Eigentlich wollten sie bis morgens um sechs feiern – doch um 2.45 Uhr war plötzlich Schluss. Wer der Mann war, der von einer der fünf Bühnen den vorzeitigen Abbruch des Festes im Ex-Flughafen Tempelhof verkündete, wussten die Besucher nicht. Wütend waren sie dennoch. „Es flogen Bierflaschen und Becher“, sagte Besucher Karsten Härtel. Der 21-Jährige war extra aus Leipzig angereist und einer von tausenden Gästen im Hangar 4. Gepfiffen wurde ebenfalls. Und als Härtel mit Freunden das Gelände verließ, begleiteten ihn Polizisten.
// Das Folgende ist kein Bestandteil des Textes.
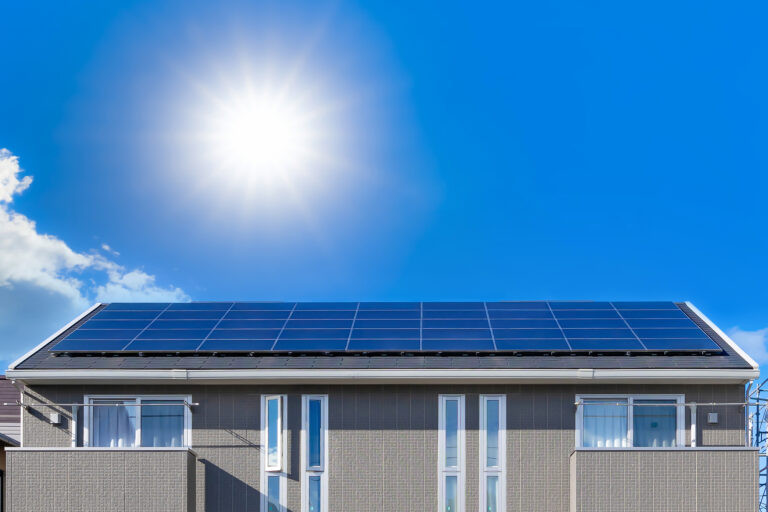 屋根に設置された太陽光発電用ソーラーパネル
Für Veranstalter, Sicherheitsdienst und Polizei stellten sich die frühen Morgenstunden am Sonnabend dramatisch dar: Im Laufe der Nacht waren immer mehr Besucher zur Bühne im Hangar gedrängt und hatten dessen Eingänge schließlich verstopft. Sie wollten ab 3.30 Uhr den britischen Musiker Fatboy Slim sehen. Das Berlin-Festival galt als Abschluss und Höhepunkt der neu initiierten „Berlin Music Week“, der Abbruch sei im Sinne größtmöglicher Sicherheit erfolgt, hieß es von den Veranstaltern. Man habe Panik befürchtet. Festivalsprecher Carsten Stricker sagte: „Es waren eigentlich keine Massen am Hangar, höchstens 300 Leute.“ Nach der Katastrophe in Duisburg hätten jedoch viele ein anderes Sicherheitsempfinden, vielleicht sei die Entscheidung abzubrechen übervorsichtig gewesen. „Aber wenn sich nur ein Gast das Knie aufgeschlagen hätte, wären wir in Teufels Küche gekommen“, sagte Stricker.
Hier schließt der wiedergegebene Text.